Finde ja die meisten sind berechtigt auf ihren Plätzen, aber Sarah Jessica Parker auf Platz 8 :WOW:
​


----------



## Tokko (26 Aug. 2008)

Also folgende Frauen haben es meiner Meinung nach nicht verdient.

*Halmich, Regina *

* Diaz, Cameron *

*Melanie C 


*​Und Dirk Bach ist zwar ne Tucke aber keine Frau.

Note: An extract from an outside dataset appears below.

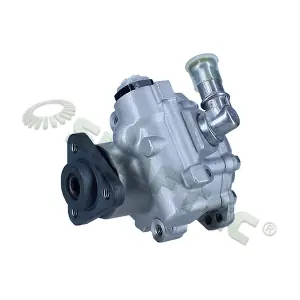 HP018N SHAFTEC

Soweit ich weiß.

Dankeschön Buterfly.


----------



## Katzun (26 Aug. 2008)

lindsay lohan auf platz 3??? 2 hinter amy winehouse und kelly osbourne auf platz 85:angry:

pffff!!!


----------



## Dittsche (26 Aug. 2008)

Ich hätte noch *Jeanette Biedermann* anzubieten!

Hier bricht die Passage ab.